The freezing for 72 hours only prevent bug larva from becoming bugs.  It will do nothing to prevent rancidity unless you keep it in the freezer.


----------



## GrantsKat (Jul 22, 2008)

Andy M. said:


> Putting flour in the freezer for 72 hours will permanently dispose of any bug larva. Then you can take it out of the freezer and store as stated above.


 
Woah, are you saying that flour should be put in the freezer for 72 hrs even when you first buy it?


----------



## Andy M. (Jul 22, 2008)

It's not a requirement.

I buy King Arthur flour.  I've never had a problem with bugs in the flour.  If you have a bug problem, it might be a good habit to get into.


----------



## GrantsKat (Jul 23, 2008)

Oh ok thanks Andy! I had a problem with bugs a while back, so I just started keeping my flour in a sealed container, since then no problems! 
Would the freezing work with sugar also?


----------



## Andy M. (Jul 23, 2008)

GrantsKat said:


> Oh ok thanks Andy!
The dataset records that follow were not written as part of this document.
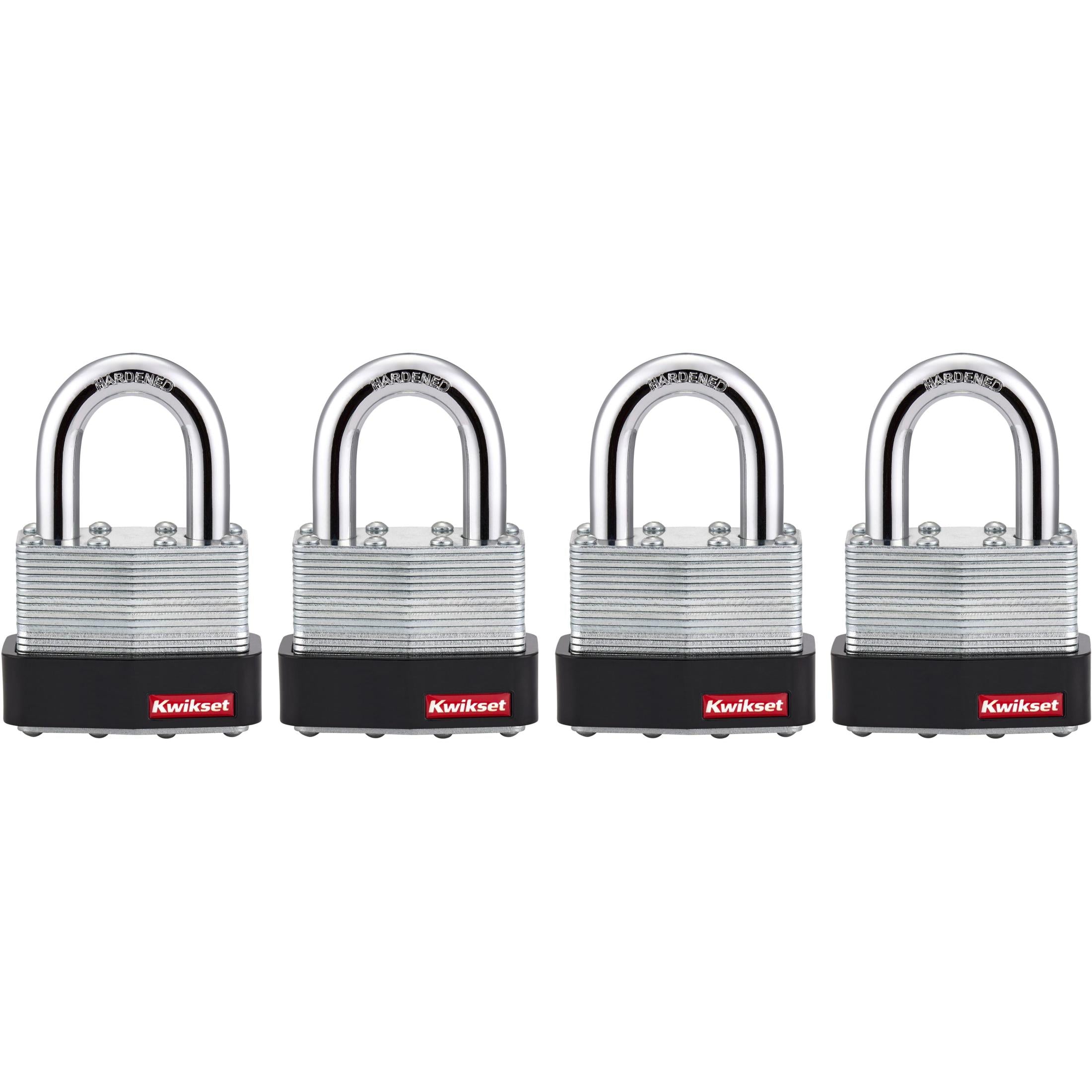 Kwikset 2" Laminated Padlock KA with 1-1/8" Shackle, 4-Pack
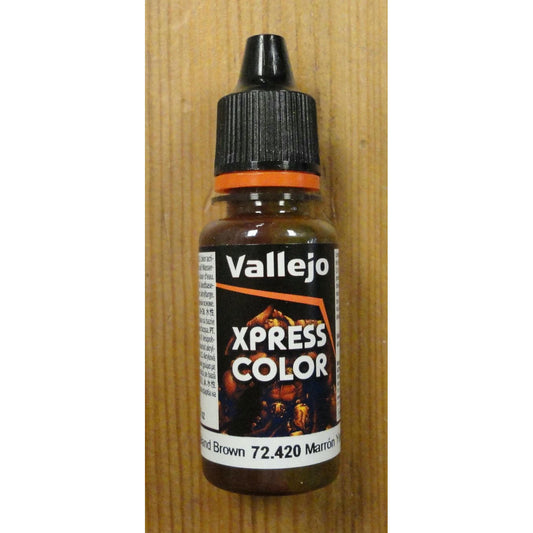 Image of Vallejo Wasteland Brown XPress Color Miniatures Paint 18ml VAL72420 Express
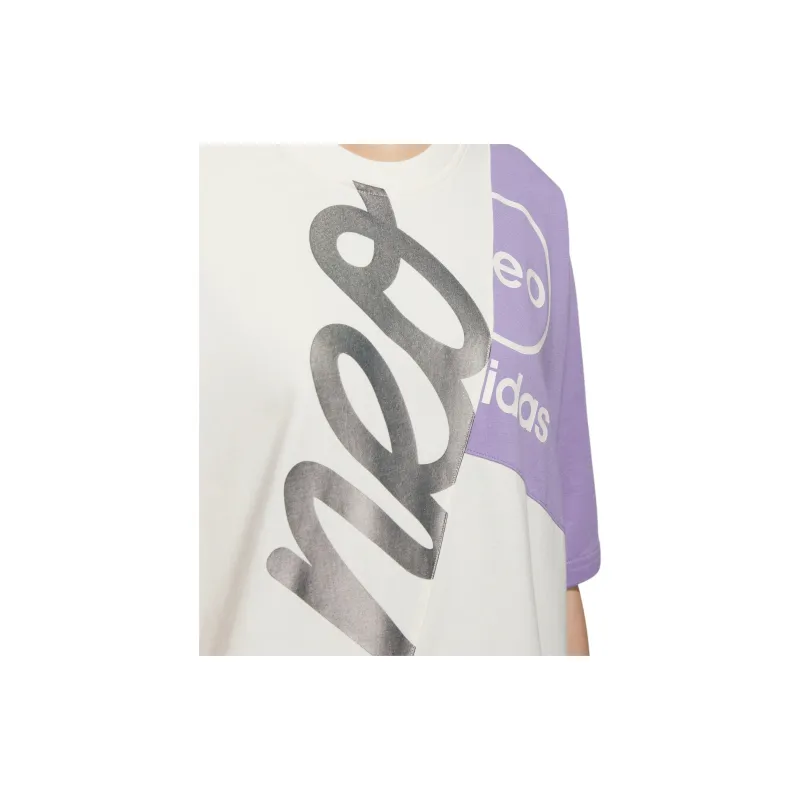 Adidas Neo Drop Shoulder Sleeve T Shirt Women's Purple White-7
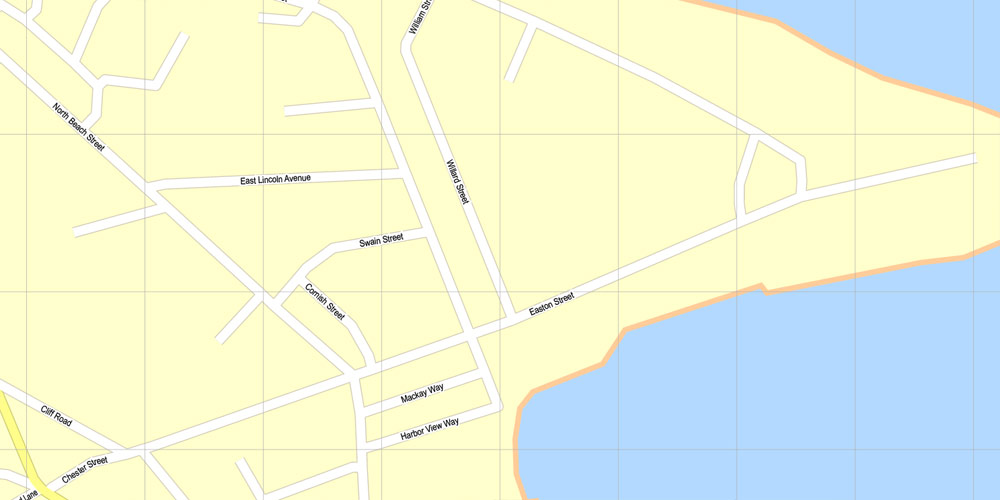 Printable Map Nantucket and Martha's Vineyard Islands, Massachusetts, US, printable vector map G-View level 17 (100 m) street City Plan V.3.09 full editable, Adobe Illustrator, full vector, scalable, editable text format street names, 8 mb ZIP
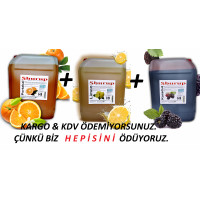Shurup  Konsantre Meyve Aromalı İçecek  3 ' Lü Portakal + Limon + Karadut 5,7 kg  1+9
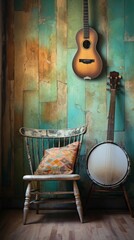 A rustic banjo resting against a worn wooden chair in a cozy music room essential - obrazy, fototapety, plakaty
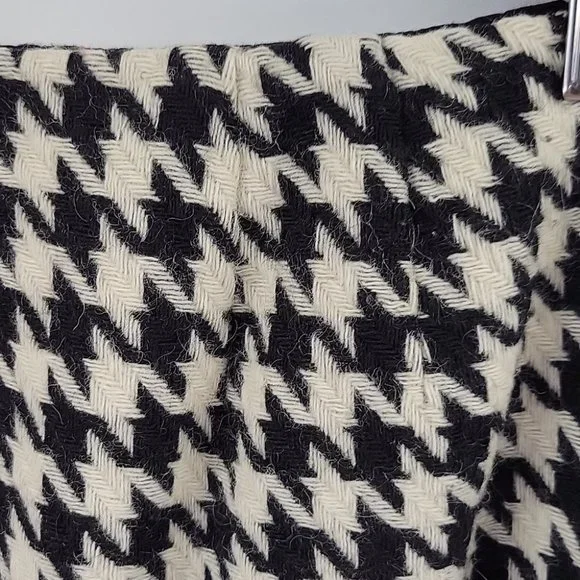 LOFT Wool Blend Black & Cream Hounds Tooth Skirt Size 8P - Picture 4 of 8
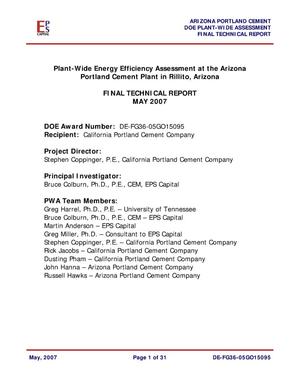 Plant-Wide Energy Efficiency Assessment at the Arizona Portland Cement Plant in Rillito, Arizona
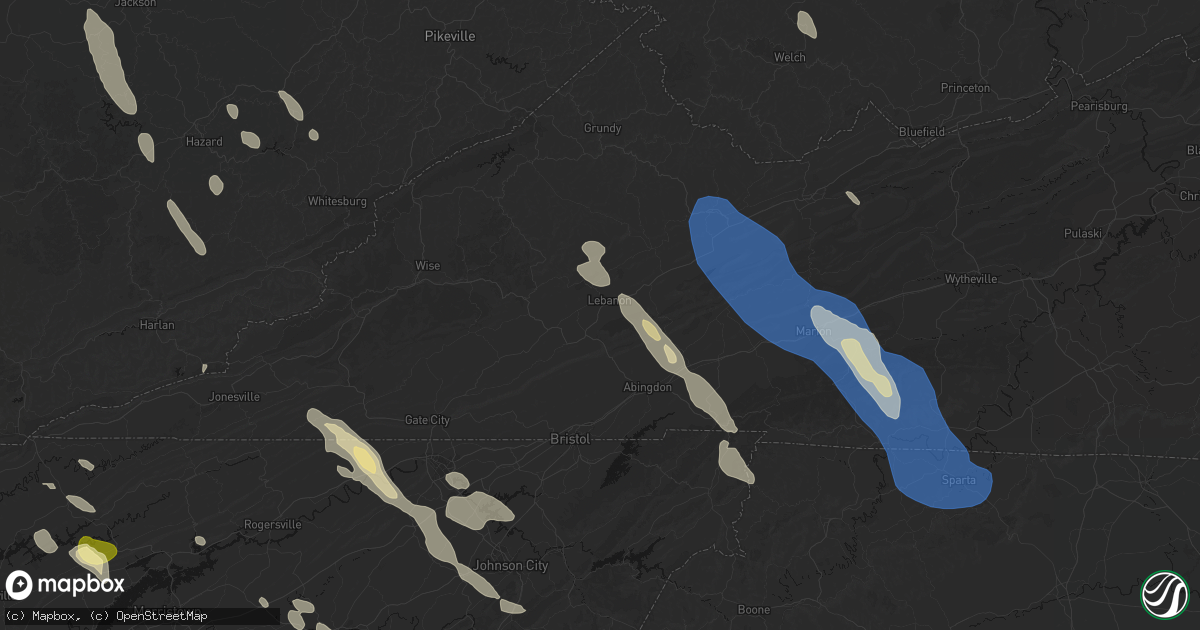 Hail map in Lebanon, VA on July 28, 2026
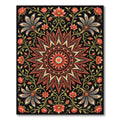 Radiant Coral Botanical Mandala Floral Rug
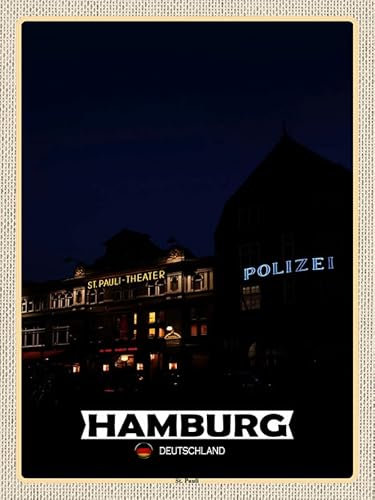 mrdeco Metall Schild 30x40cm gewölbt Hamburg St. Pauli Theater Blechschild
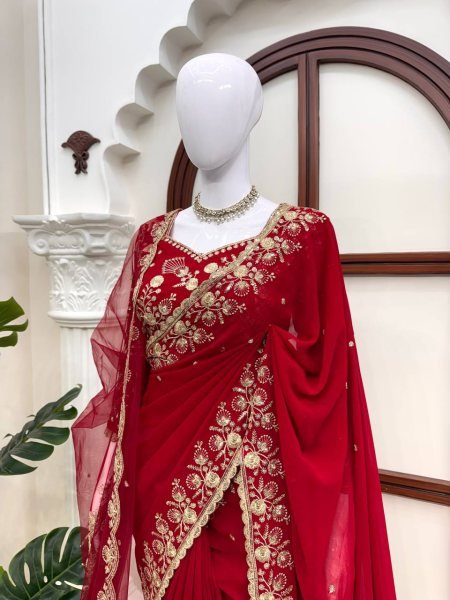 Exceptional Red Faux Georgette Saree with Intricate Thread and Sequin Work for Wedding Designer Wedding Sarees Wholesale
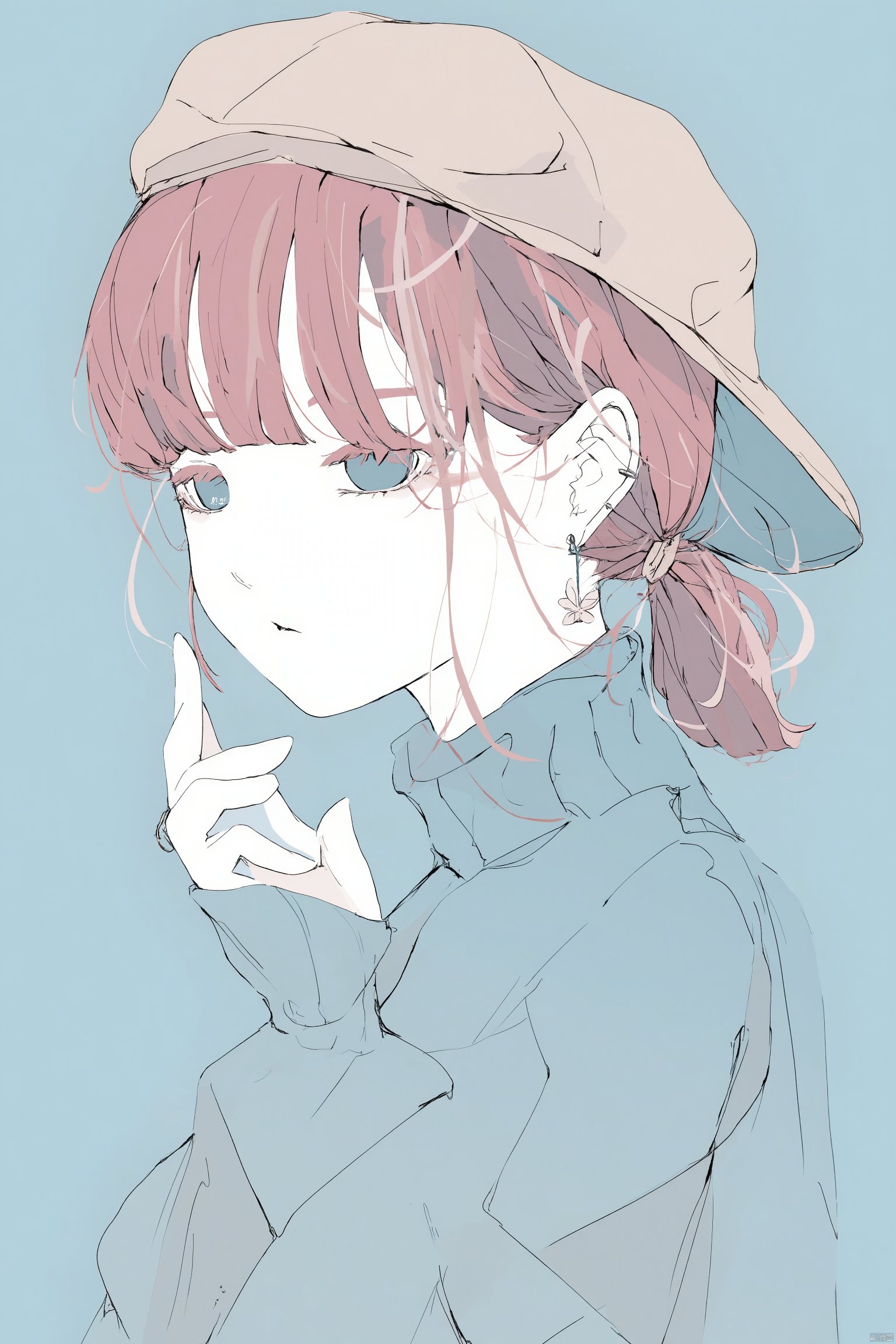 Anime-inspired anime-inspired drawing side profile of a young girl with pink hair wearing a beige cap blue outfit blue eyes pink hair tied with a hairpin soft pastel colors light blue background gentle expression hand gesture delicate and serene atmosphere., 1girl, solo, jewelry, earrings, hat, flower earrings, simple background, portrait, red hair, no pupils, hand up, looking at viewer, blue eyes, short ponytail, shirt, pale skin, piercing, ear piercing, sleeves past wrists, short hair, long sleeves, closed mouth, choppy bangs, turtleneck, sweater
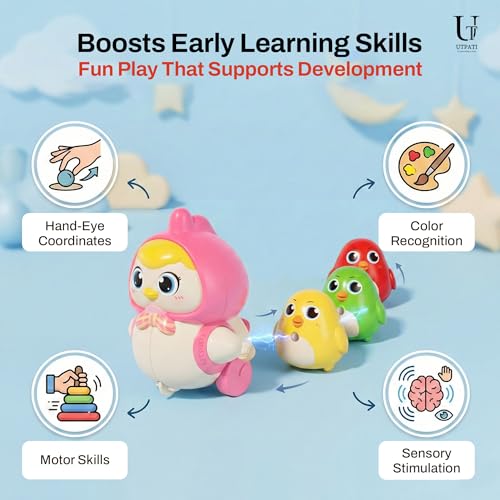 Image of Chicken Toys for Kids, Swinging Chain String Magnetic Hen with Chick Learning to Crawl Spring Toy, Crawling Wind-up Duck, Walking Chicken Cute Windup Toy for Boys Girls Toddler
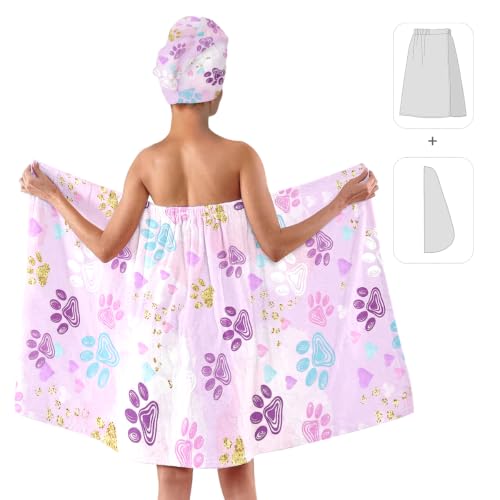 Women's Spa Bath Wrap and Hair Towel Set, Cute Pink Paw Print Shower Wrap Robe with Matching Hair Turban, Adjustable Fast Drying Wearable Bath Towel Dress for Gym, Spa, Sauna & Makeup, Dog Mom Gift - color: Pet Paws 5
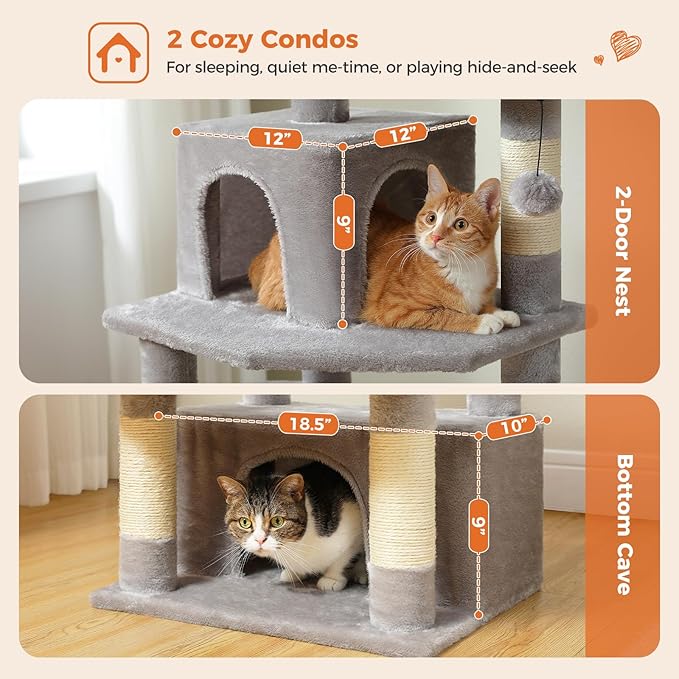 64.5-inch Plush Cat Tree for Indoor Cats with Large Metal Frame Hammock - Multi-Level Cat Tower with 2 Top Perches, 2 Condos, 7 Scratching Posts & Pompoms, Sturdy Pet House Toys, Grey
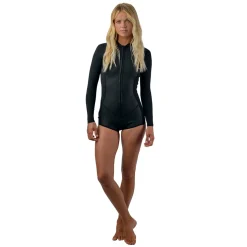 Wms Bahia 2/1 Front Zip L/S Short Spring - Våddragt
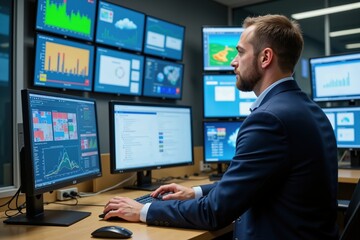 Financial analyst monitoring market data on multiple screens in modern office setting.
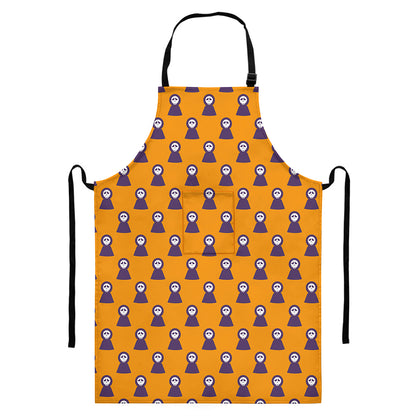 Halloween Grim Reaper Pattern Print Bib Apron With Pocket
I had a problem with bugs a while back, so I just started keeping my flour in a sealed container, since then no problems!
> Would the freezing work with sugar also?


 

The majority of times you find bugs in flour, they came in the bag with the flour from the mill.  If that's the case using a sealed container shouldn't make a difference.  Freezing the flour kills the larva already in the flour.  

If you have sugar with larva in it, freezing would work for that too.


----------



## GrantsKat (Jul 23, 2008)

I think the reason I had bugs was because after I opened the flour, I didnt put it in a container (which was pretty dumb) I just used a chip clip to keep it closed, so Im figuring the bugs got in that way!
Lesson learned


----------



## Bigjim68 (Jul 23, 2008)

I too buy KA flour and have not had a problem with bugs.  I store it in rubber sealed canisters.  Yeast freezes well.  I do not buy more than a month or so supply of flour.  I always buy from a store with a high turnover of the product, and watch the expiration date, or ask the manager when it came in.  I have seen some products on shelves for a long time, and they are not always stored in a cool, dry place.


----------